What is required:
Copy exactly the lines from the one containing "135 Sumter Dr, Mooresville, NC" through the last line of the records below, both included, and leave out the pictures.

Data for analysis:

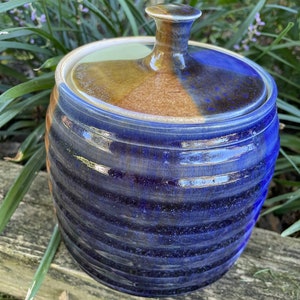 Könnte beinhalten: Eine blaue und braune Keramikdose mit Deckel. Die Dose hat eine strukturierte, gerippte Oberfläche und eine glänzende Oberfläche.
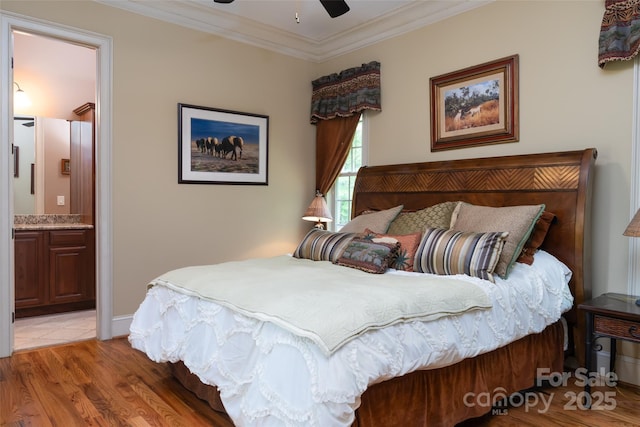 135 Sumter Dr, Mooresville, NC 28117 - bedroom with light wood-style floors, ornamental molding, a ceiling fan, and ensuite bath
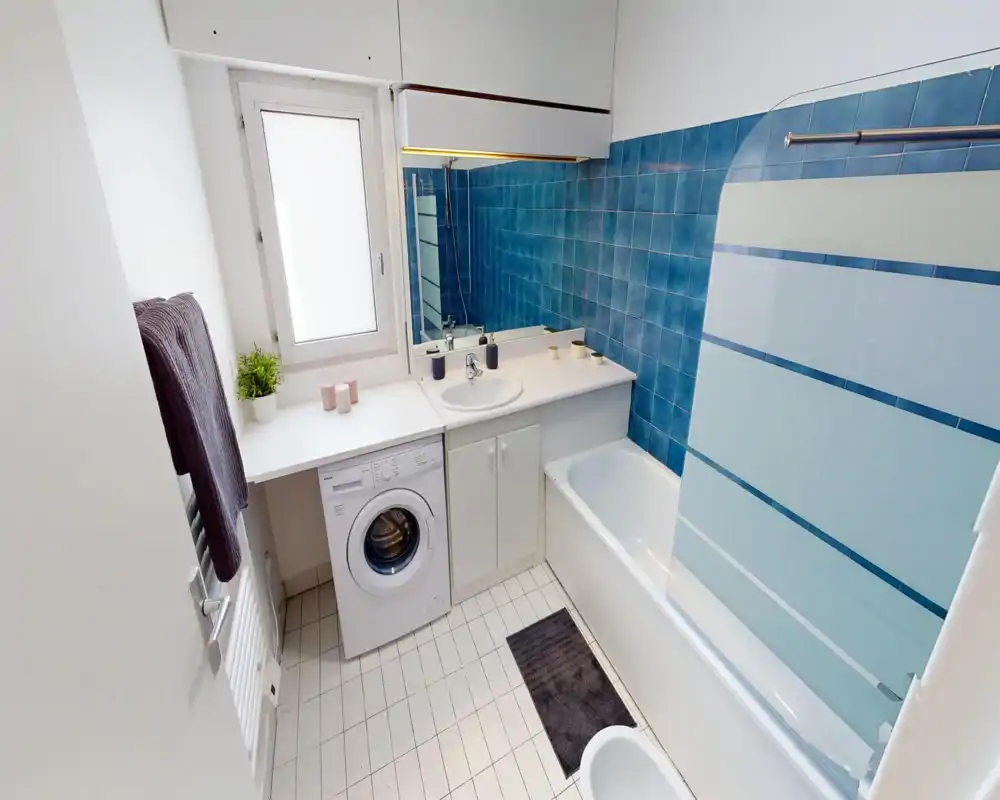 Bagno luminoso e ordinato con vasca, parete doccia, lavabo e lavatrice sotto il piano; parete piastrellata blu e finestra satinata per privacy e luce naturale.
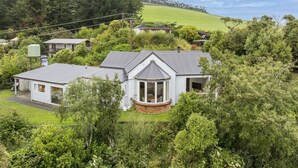 A residential house with a large garden, a conservatory, and a view of a hill. - Waitati Retreat - Coastal Calm Overlooking Blueskin Bay (Waitati)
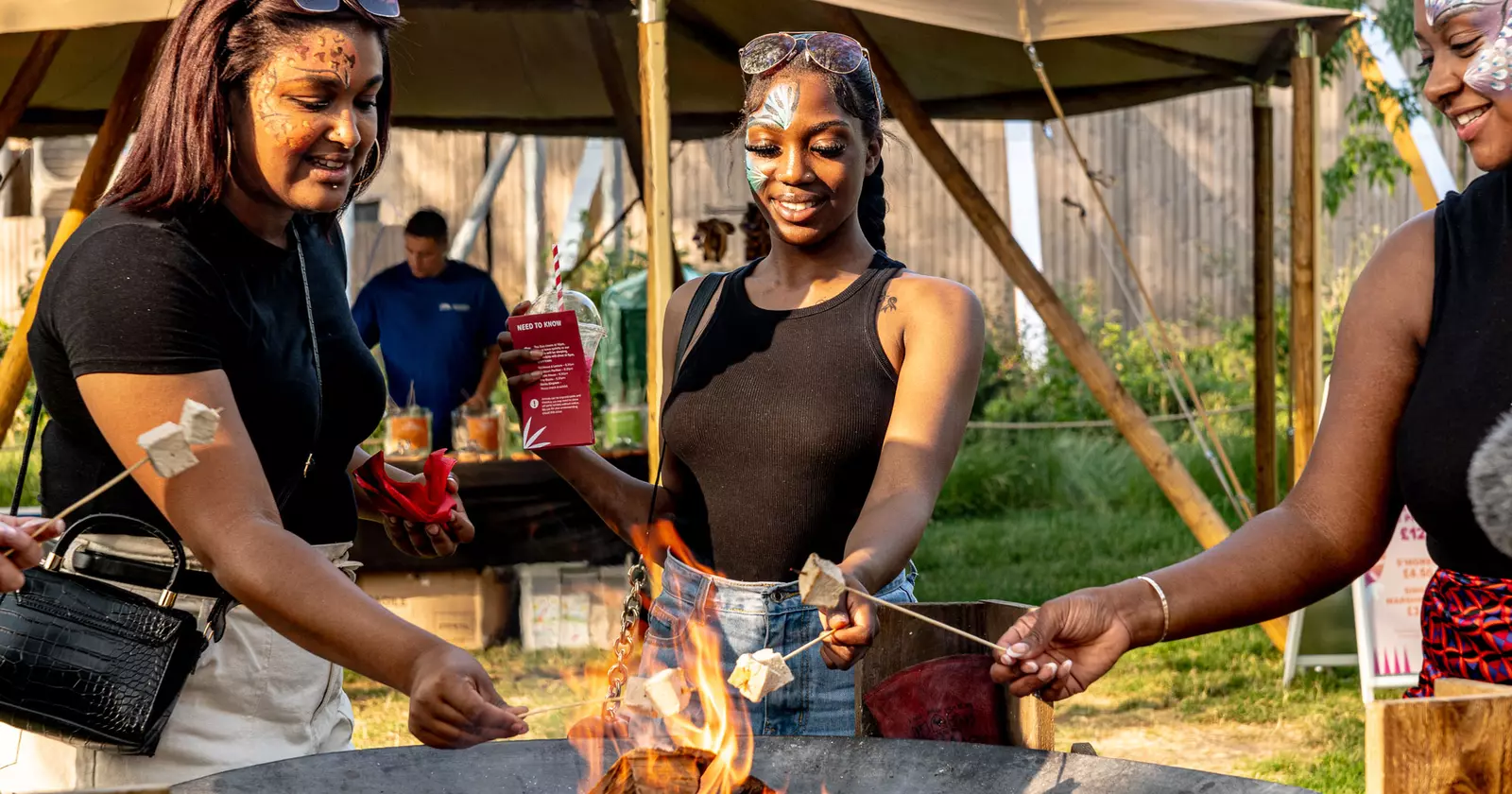 3 women roast marshmallows on sticks over an open fire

Written response:
 135 Sumter Dr, Mooresville, NC 28117 - bedroom with light wood-style floors, ornamental molding, a ceiling fan, and ensuite bath
 Bagno luminoso e ordinato con vasca, parete doccia, lavabo e lavatrice sotto il piano; parete piastrellata blu e finestra satinata per privacy e luce naturale.
 A residential house with a large garden, a conservatory, and a view of a hill. - Waitati Retreat - Coastal Calm Overlooking Blueskin Bay (Waitati)
 3 women roast marshmallows on sticks over an open fire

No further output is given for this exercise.